Floor and Ceil in Sorted Array in DSA C++ - Time & Space Complexity
We want to know how fast we can find the floor and ceil values in a sorted array.
How does the time needed change as the array gets bigger?
Analyze the time complexity of the following code snippet.
int floorCeil(const vector<int>& arr, int x, int& floorVal, int& ceilVal) {
int low = 0, high = arr.size() - 1;
floorVal = -1; ceilVal = -1;
while (low <= high) {
int mid = low + (high - low) / 2;
if (arr[mid] == x) {
floorVal = ceilVal = arr[mid];
return mid;
} else if (arr[mid] < x) {
floorVal = arr[mid];
low = mid + 1;
} else {
ceilVal = arr[mid];
high = mid - 1;
}
}
return -1;
}
This code finds the floor and ceil of x in a sorted array using binary search.
Identify the loops, recursion, array traversals that repeat.
- Primary operation: The while loop that halves the search range each time.
- How many times: The loop runs about log₂(n) times, where n is the array size.
Each step cuts the search area in half, so the number of steps grows slowly as the array grows.
| Input Size (n) | Approx. Operations |
|---|---|
| 10 | About 4 steps |
| 100 | About 7 steps |
| 1000 | About 10 steps |
Pattern observation: Doubling the input size adds only one extra step.
Time Complexity: O(log n)
This means the time to find floor and ceil grows slowly, even for large arrays.

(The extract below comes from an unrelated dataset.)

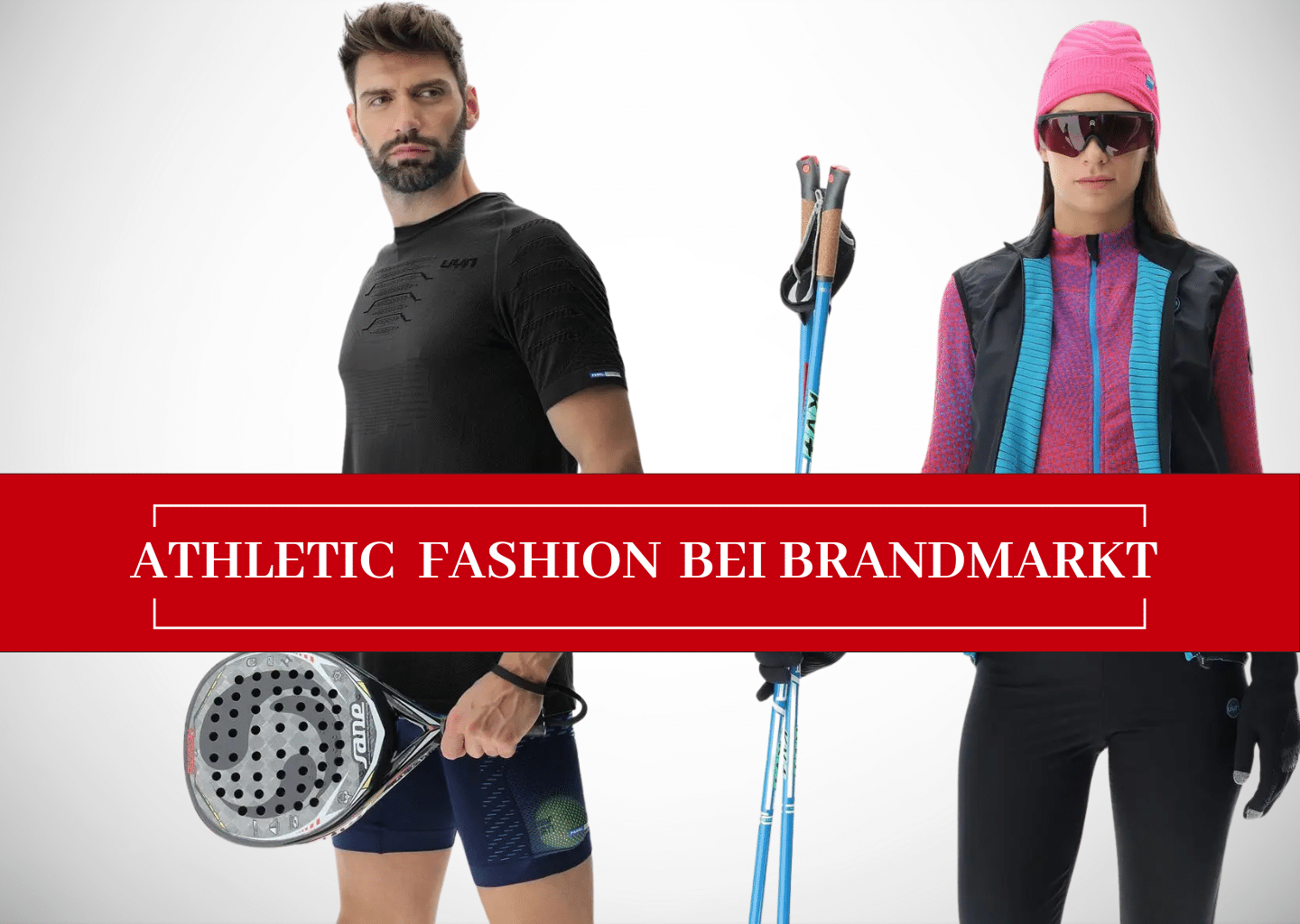 Swiss Athletics: Entdecken Sie das Beste der Sportmode bei Brandmarkt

[X] Wrong: "Since we check elements one by one, it takes O(n) time."
[OK] Correct: The code uses binary search, which skips half the array each step, so it doesn't check every element.
Knowing how to quickly find floor and ceil using binary search shows you understand efficient searching, a key skill in many coding problems.
"What if the array was not sorted? How would the time complexity change?"